Motivation, Efficiency, and Corruption

Ben Stein raises some good points about the "excesses" displayed by leaders of various companies in America:
We all want efficiency and frugality. But banning highly productive means of travel such as private planes is simply misguided. We all want people to work. But keeping them from having face time at large gatherings with their colleagues -- in essence, keeping them from being well-informed -- is a step away from productivity. And kicking the towns that accommodate these meetings is just plain cruel.

I hadn't thought about it from that angle where the automakers were concerned, but making Wells Fargo cancel its Vegas retreat for its top loan officers struck me as heavy-handed--and clueless about how business works. Did anyone stop to consider how much money those being rewarded made for the company in proportion to how much was being spent on rewarding them?

While I'm sure that level of productivity has its own rewards, I'll bet the yearly Vegas trip was at least part of the movitation for a lot of them. Take that away, and chances are they're not going to work as hard next year. How does that help the bank? How does that help its investors? How does that help its depositors?

I'm willing to bet that the amount of money they would have spent on the retreat is less than 10% of the value of the loans these people wrote. And yet if they're 5% less motivated to perform next year? In a year when people are less motivated to take out loans? It could spell the difference between survival and bankruptcy.

Let's not forget that these people are the TOP money-makers. Not only do these people make money for the company, their example (and the subsequent rewards) also serve as a motivation for the other loan writers who didn't make the cut this year--but could next year if properly motivated.
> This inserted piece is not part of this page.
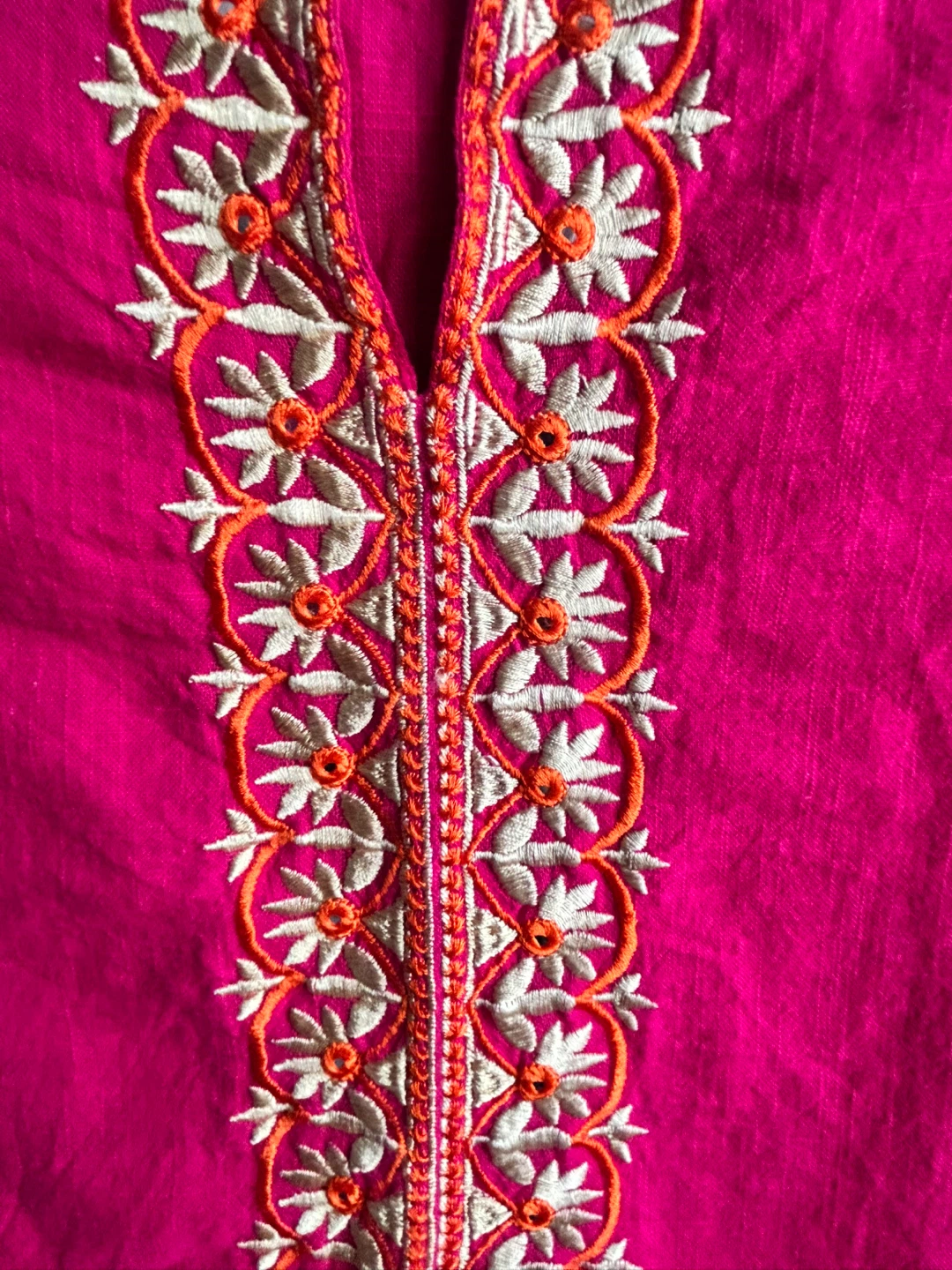Small - Embroidered Long Kurti Tops - photo 2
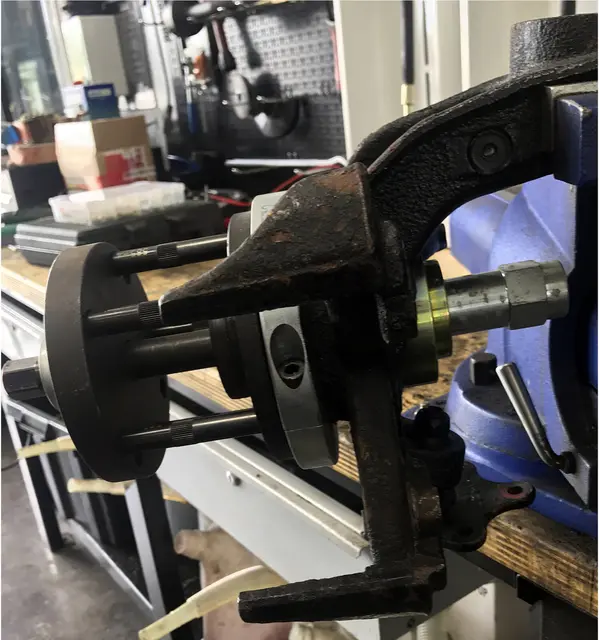 BEARING REMOVAL TOOL 2nd GENERATION 2.1 Clas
Cutting the rewards for the top loan-writers doesn't just demotivate them, but the entire company.

I'm against wasting taxpayer money as much as anyone. But micromanagement of bailed-out companies--by some of the most notoriously bad money-handlers in history--is not the way to economic recovery.

Such political witch-hunts are counterproductive. It also keeps attention away from the real perpetrators of this mess: the government. Every time we start figuring out who the real enemy is they simply point at Wall Street and yell "There's your enemy! Not me! They're wasting millions of dollars!"

And then they sit down to add billions more pork into the Stimulus Bill to help stimulate their next campaigns. And take retreats to Virginia and the Caribbean.